WHAT NEEDS TO BE DONE: Copy word for word the line containing "At the deployment" together with all lines following it to the end of the listing below, without the pictures.

INPUT DATA:
◇ ◇ ◇ ◇
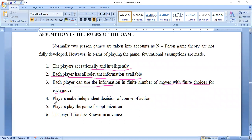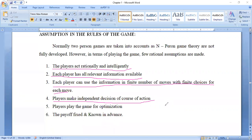The fourth assumption: players make independent decisions of course of action. Independent decisions are taken by each and every player based on the circumstances and situation. Course of action means different alternatives are prepared in advance, and based on the situation and circumstances, these courses of action are applied.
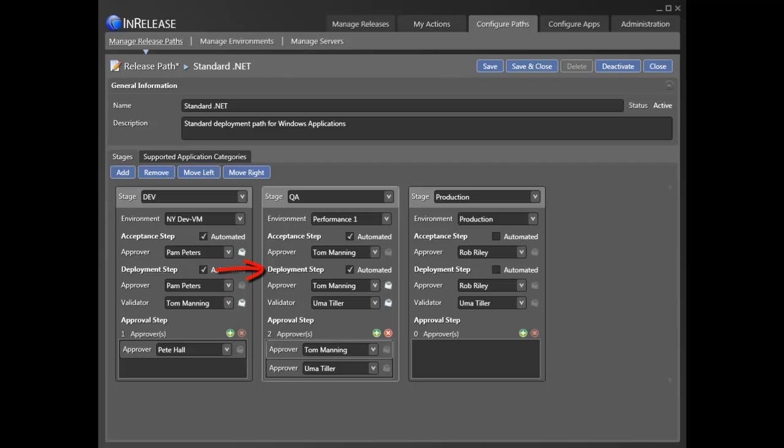At the deployment step, typical installations are completed automatically, but if required, they can also be completed manually. A validator can also be identified to confirm the installation was completed properly and that the environment is ready for testing.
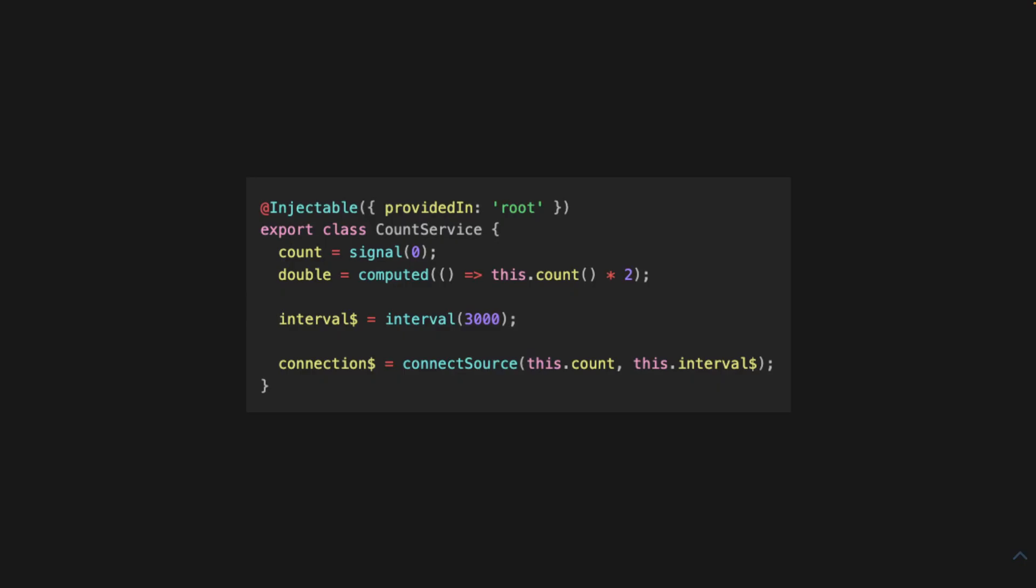And here's how to use it. So, we have our three things that we already defined, count, double, and interval. And then we define a new observable called connection.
◇ ◇ ◇ ◇
TASK ANSWER:
At the deployment step, typical installations are completed automatically, but if required, they can also be completed manually. A validator can also be identified to confirm the installation was completed properly and that the environment is ready for testing.
And here's how to use it. So, we have our three things that we already defined, count, double, and interval. And then we define a new observable called connection.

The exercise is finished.